Teradata R Package Function Reference - Modularity - Teradata R Package - Look here for syntax, methods and examples for the functions included in the Teradata R Package.

Teradata® R Package Function Reference

Product
Teradata R Package
Release Number
16.20
Published
February 2020
Language
English (United States)
Last Update
2020-02-28
dita:id
B700-4007
lifecycle
previous
Product Category
Teradata Vantage

Description

The Modularity (td_modularity_mle) function uses a clustering algorithm to detect communities in networks (graphs). The function needs no prior knowledge or estimation of starting cluster centers and assumes no particular data distribution of the input data set.

Usage

  td_modularity_mle (
      vertices.data = NULL,
      edges.data = NULL,
      sources.data = NULL,
      target.key = NULL,
      edge.weight = NULL,
      community.association = NULL,
      resolution = 1,
      seed = 1,
      accumulate = NULL,
      vertices.data.sequence.column = NULL,
      edges.data.sequence.column = NULL,
      sources.data.sequence.column = NULL,
      vertices.data.partition.column = NULL,
      edges.data.partition.column = NULL,
      sources.data.partition.column = NULL
  )

Arguments

vertices.data

Required Argument.
Specifies the vertex tbl_teradata where each row represents a vertex of the graph.

vertices.data.partition.column

Required Argument.
Specifies Partition By columns for vertices.data.
Values to this argument can be provided as a vector, if multiple columns are used for partition.
Types: character OR vector of Strings (character)

edges.data

Required Argument.
Specifies an edge tbl_teradata where each row represents an edge of the graph.

edges.data.partition.column

Required Argument.
Specifies Partition by columns for edges.data.
Values to this argument can be provided as a vector, if multiple columns are used for partition.
Types: character OR vector of Strings (character)

sources.data

Optional Argument.
Specifies source vertices. This is a legacy tbl_teradata, which formerly required for directed graph. Function ignores this tbl_teradata and treats all graphs as undirected.
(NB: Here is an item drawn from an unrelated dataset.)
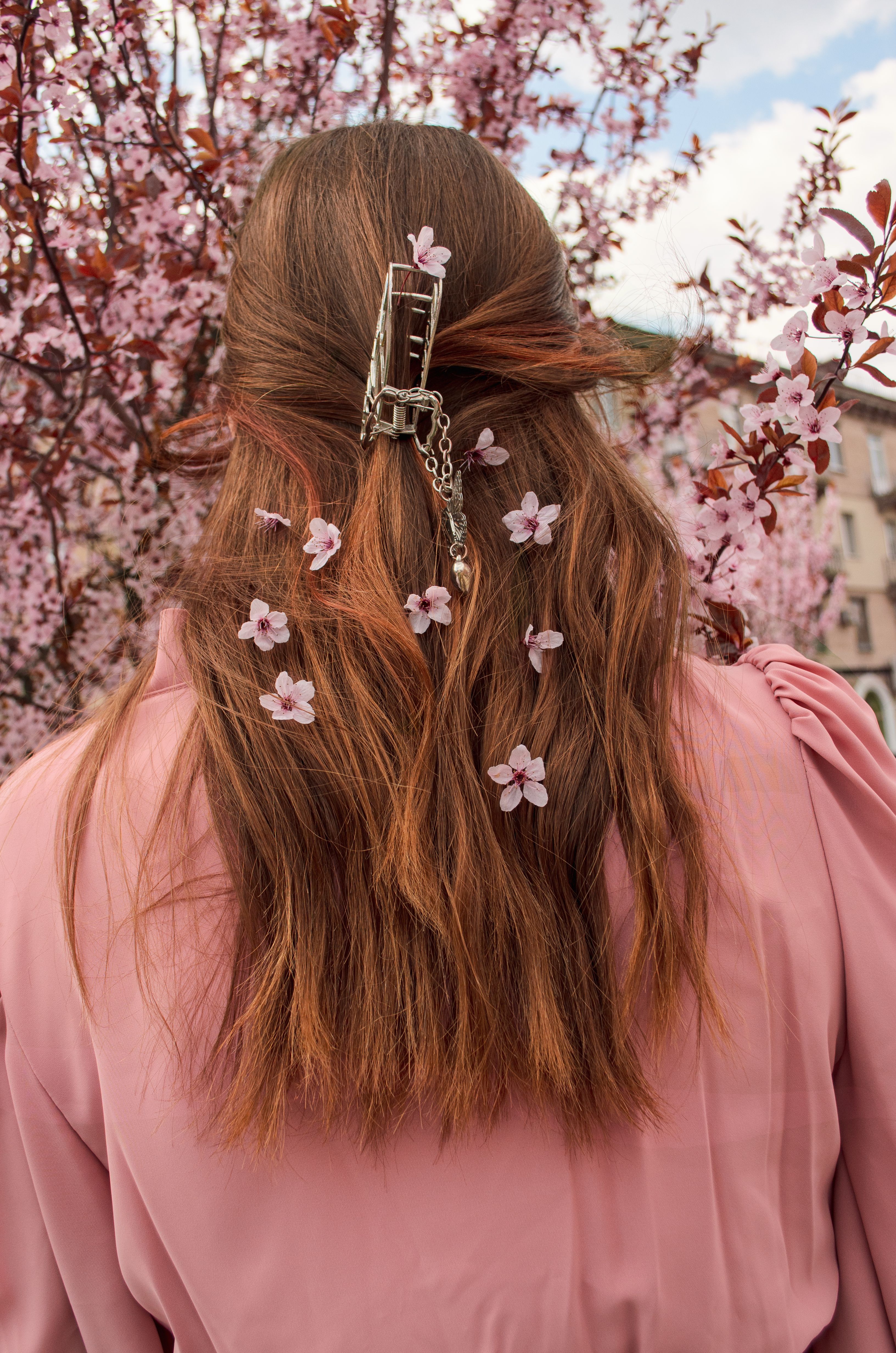 The girl's back is turned in spring flowers · Free Stock Photo
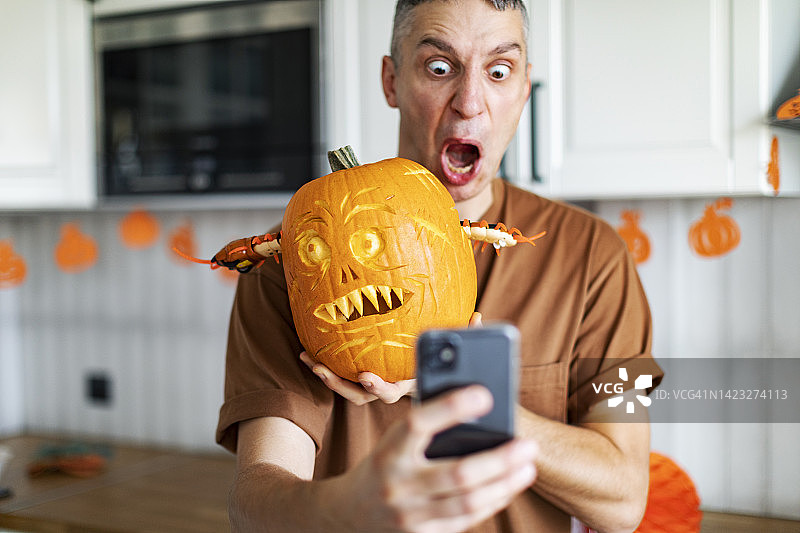年轻男人用万圣节南瓜自拍图片素材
sources.data.partition.column

Optional Argument. Required when 'sources.data' argument is specified.
Specifies Partition By columns for sources.data.
Values to this argument can be provided as a vector, if multiple columns are used for partition.
Types: character OR vector of Strings (character)

target.key

Required Argument.
Specifies the key of the target vertex of an edge. The key consists of the names of one or more edges tbl_teradata columns.
Types: character OR vector of Strings (character)

edge.weight

Optional Argument.
Specifies the name of the edges tbl_teradata column that contains edge weights. The weights are positive values. By default, the weight of each edge is 1 (that is, the graph is unweighted). This argument determines how the function treats duplicate edges (that is, edges with the same source and destination, which might have different weights). For a weighted graph, the function treats duplicate edges as a single edge whose weight is the sum of the weights of the duplicate edges. For an unweighted graph, the function uses only one of the duplicate edges.
Types: character

community.association

Optional Argument.
Specifies the name of the column that represents the community association of the vertices. Use this argument if you already know some vertex communities.
Types: character

resolution

Optional Argument.
Specifies hierarchical-level information for the communities. The default resolution is 1.0. If you specify a list of resolution values, the function incrementally finds the communities for each value and for the default value. Each resolution must be a distinct numeric value in the range [0.0, 1000000.0]. The value 0.0 puts each node in its own community of size 1. You can specify a maximum of 500 resolution values. To get the modularity of more than 500 resolution points, call the function multiple times, specifying different values in each call.
Default Value: 1
Types: numeric OR vector of numerics

seed

Optional Argument.
Specifies the seed to use to create a random number during modularity computation. The seed must be a positive BIGINT value. The function multiplies seed by the hash code of vertex_key to generate a unique seed for each vertex. The default seed is 1. The seed significantly impacts community formation (and modularity score), because the function uses seed for these purposes:
1. To break ties between different vertices during community formation.
2. To determine how deeply to analyze the graph.
Deeper analysis of the graph can improve community formation, but can also increase execution time.
Default Value: 1
Types: numeric

accumulate

Optional Argument.
Specifies the names of the vertices columns to copy to the community vertex tbl_teradata. By default, the function copies the vertex_key columns to the output vertex tbl_teradata for each vertex, changing the column names to id, id_1, id_2, and so on.
Types: character OR vector of Strings (character)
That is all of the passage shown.